“Have you ever felt as though you are simply treading water, desperately trying to stay afloat, while hoping to escape a difficult life situation? Without positivism, how long can anyone remain adrift? What’s the alternative to sinking altogether?” Judith Land
When you are dealt a bad hand in life, it sometimes becomes difficult to keep your head above water. When the threat of abuse or neglect is high, we worry about being lost or abandoned, and long to be free from confinement, suffering, danger and evil. We dream of escaping from dangerous and distressing situations and long for the guiding hand of a trusted parent or guardian to lead us out of the darkness.
The hope and vision of all children is to have someone who cares, protects and shelters them from harm, but it’s a cold hard fact of life that the help and support they are desperately seeking isn’t always available.
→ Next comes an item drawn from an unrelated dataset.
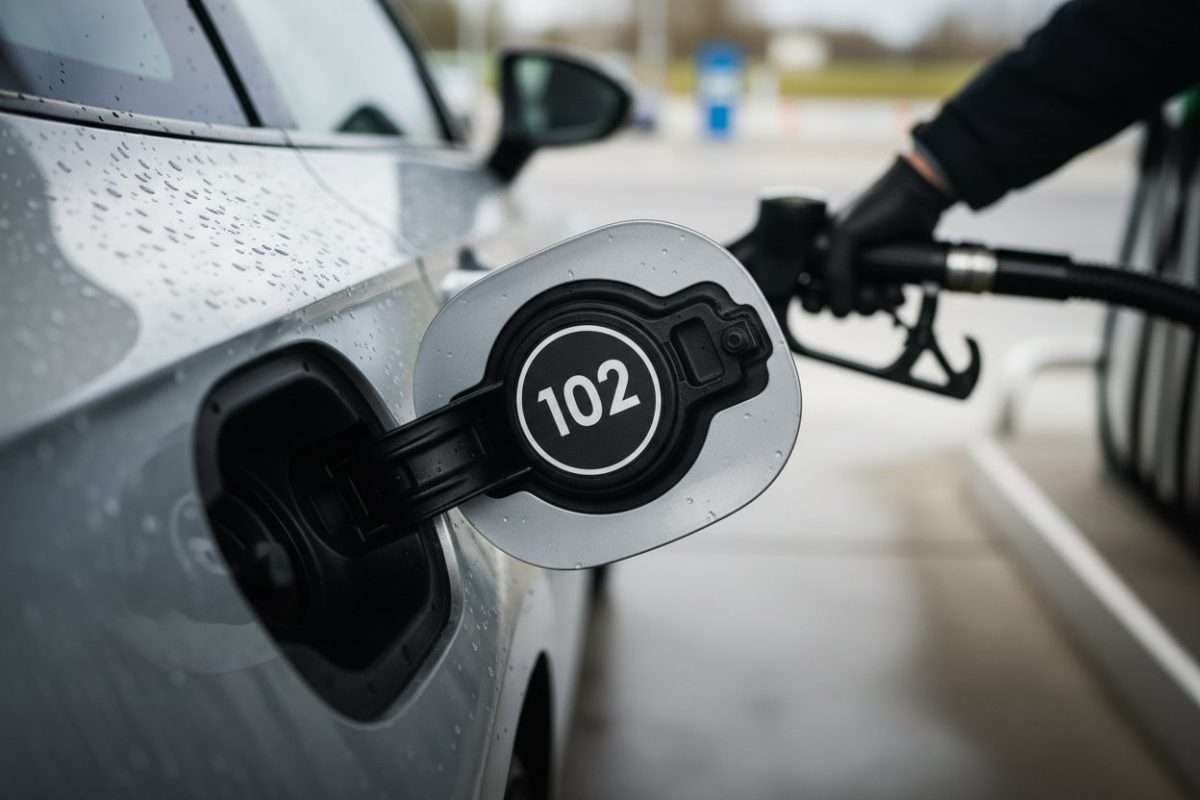 Le sans plomb 102 : avantages, compatibilité et disponibilité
When they are forced into negative circumstances that are beyond their control the days pass slowly and mournfully with basset-hound eyes.
Imagine the disadvantaged little girl who spends eighteen years attempting to stay mentally buoyant as she sorrowfully drifts through life treading water, lamenting the fact that she was adopted, trying to remain positive and emotionally afloat after being separated from her biological mother through no fault of her own; a neglected “red-headed stepchild” mistreated worse than the other children in the family, without favor, unwanted, wrongly blamed, shunned, and bullied. She has no advantages. Much of what she was forced to endure would produce a degree of sadness and melancholy that would cause others to collapse and fall apart. It’s a terrible experience seeing someone feeling worse about themselves than they did before due to Abandonment Issues and because others brought judgement that depresses and discourages them.
Coming to grips with self-identity issues, understanding the emotional impacts of adoption, and facing up to the cold hard truth of the importance of bonding and attachment disorders leaves many adoptees with a feeling of hopelessly drifting through life, rudderless and without a paddle or a sail. Separation Anxiety Syndrome causes major distress and predictable problems functioning in social situations at work and school. The lessons that every adopted child needs to learn are that a ship will never sink unless water leaks inside the boat and all the negativity in the world can never bring you down unless you allow it inside you. Those who want to bring you down are already below you. The higher you go the further you can see.
We are all born into this world to find our purpose and fulfill our own aspirations, so don’t just settle for the version of yourself that you’ve been comfortable with all your life. Accept that growing means you’ll have to leave a lot of things in the past, no matter how hard and painful that may be. Know that it’s after we undergo struggles in life that we experience growth and become better people than we were yesterday.